Your task
Your task is to restate word for word the lines in the material below, from the one with "Smart Scalp Cleaner" up to and including the one with "Zegar ścienny metalowy złoty 45,7 cm". Do not carry over the pictures.

========

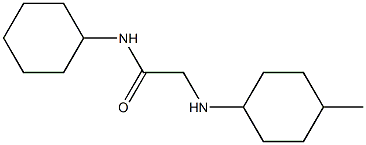 N-cyclohexyl-2-[(4-methylcyclohexyl)amino]acetamide Struktur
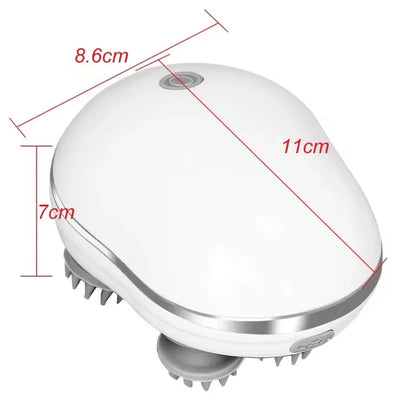 Smart Scalp Cleaner & Massager, Easy Massage to Soothe the Scalp, Deep Vibration Brush for Hair Wash, Relaxation, Rechargeable and Easy to Clean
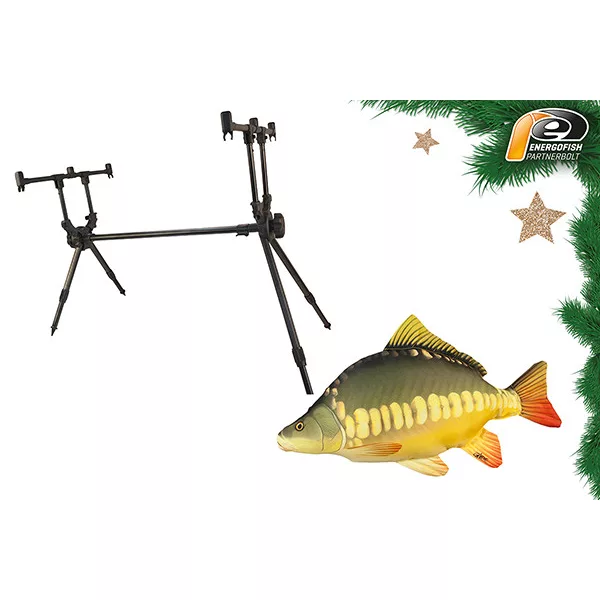 KARÁCSONYI THE ONE FAST RODPOD AJÁNDÉK 61CM-ES PONTYPÁRNÁVAL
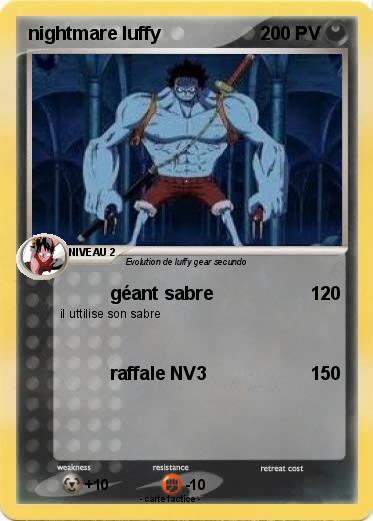 Pokemon nightmare luffy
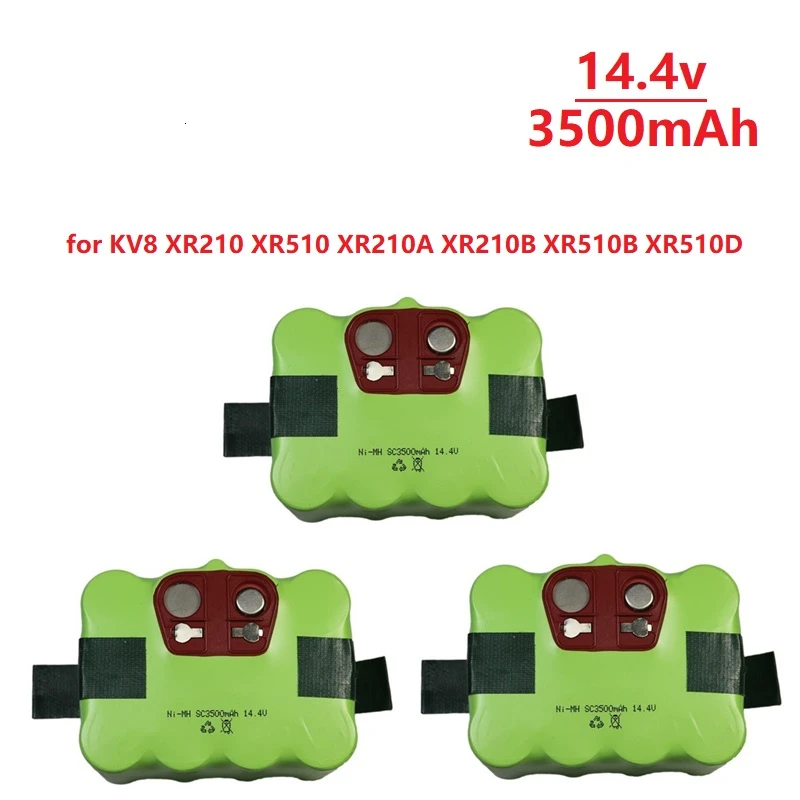

Перезаряжаемый аккумулятор SC Ni-MH 14,4 В 3500 мАч для пылесоса KV8 XR210 XR510 XR210A XR210B XR510B XR510D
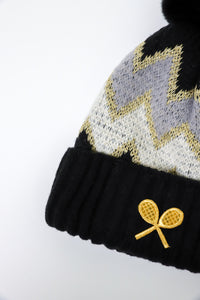 Fuzzy Pom-Pom Beanie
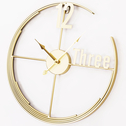 Zegar ścienny metalowy złoty 45,7 cm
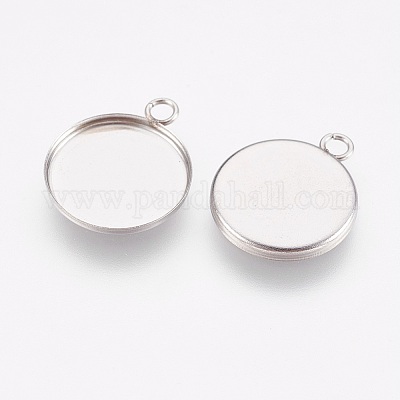 Подвеска-кабошон из нержавеющей стали 304 STAS-I097-055-02P-1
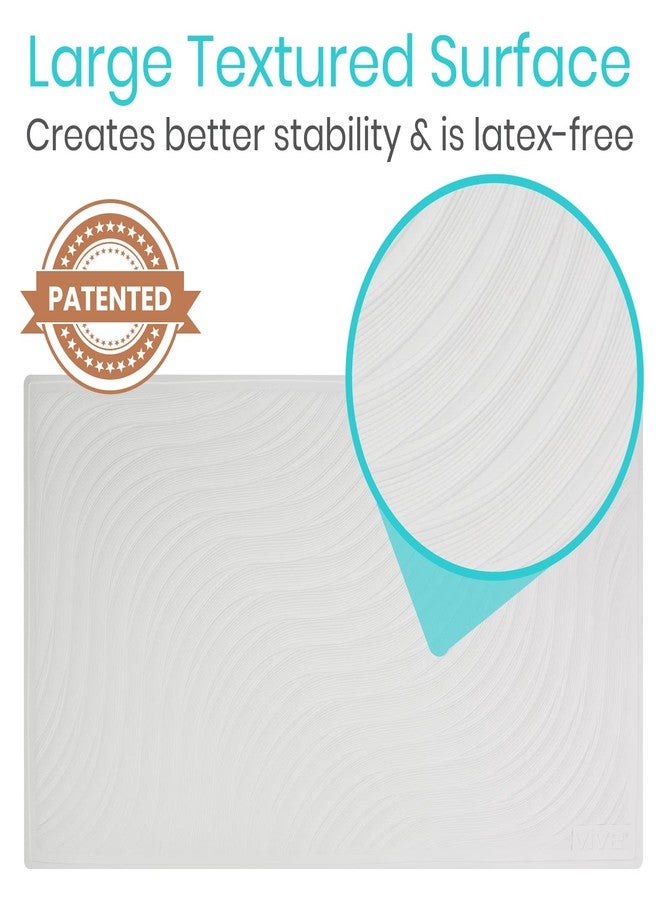 Vive Non-Slip Bath Mat with Suction Cups - 28" x 16" Extra Large Rubber Mat for Safety & Comfort - Patented Grip Prevents Slips and Falls for Kids, Elderly, Men, Women - XL Non Skid Shower & Tub Cover - Image 5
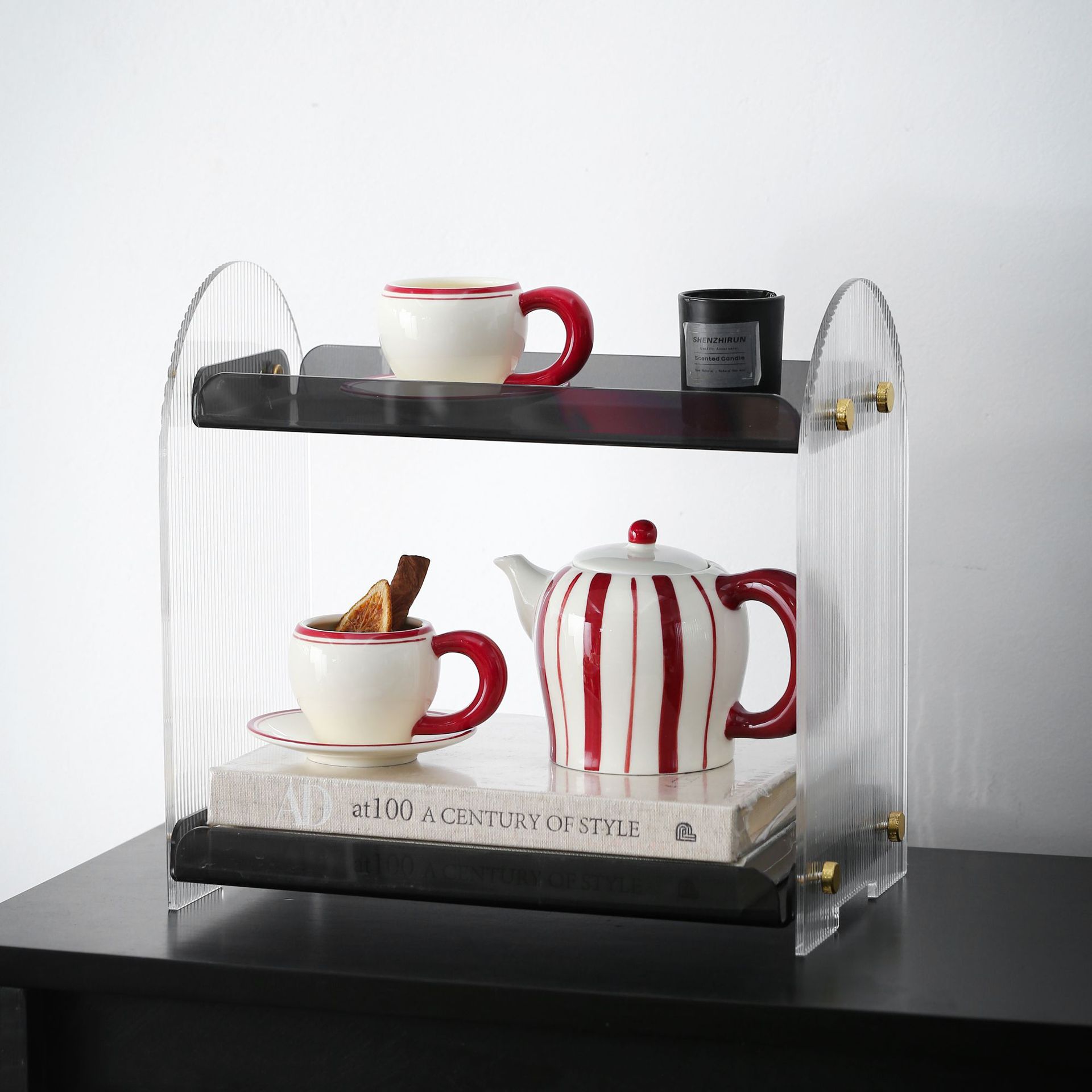 ヴィンテージ陶器製コーヒーカップ＆ソーサーセット（ハンドル付 - Coffee Tea Gift のレビューと価格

========

Your response
 Smart Scalp Cleaner & Massager, Easy Massage to Soothe the Scalp, Deep Vibration Brush for Hair Wash, Relaxation, Rechargeable and Easy to Clean
 KARÁCSONYI THE ONE FAST RODPOD AJÁNDÉK 61CM-ES PONTYPÁRNÁVAL
 Pokemon nightmare luffy

Перезаряжаемый аккумулятор SC Ni-MH 14,4 В 3500 мАч для пылесоса KV8 XR210 XR510 XR210A XR210B XR510B XR510D
 Fuzzy Pom-Pom Beanie
 Zegar ścienny metalowy złoty 45,7 cm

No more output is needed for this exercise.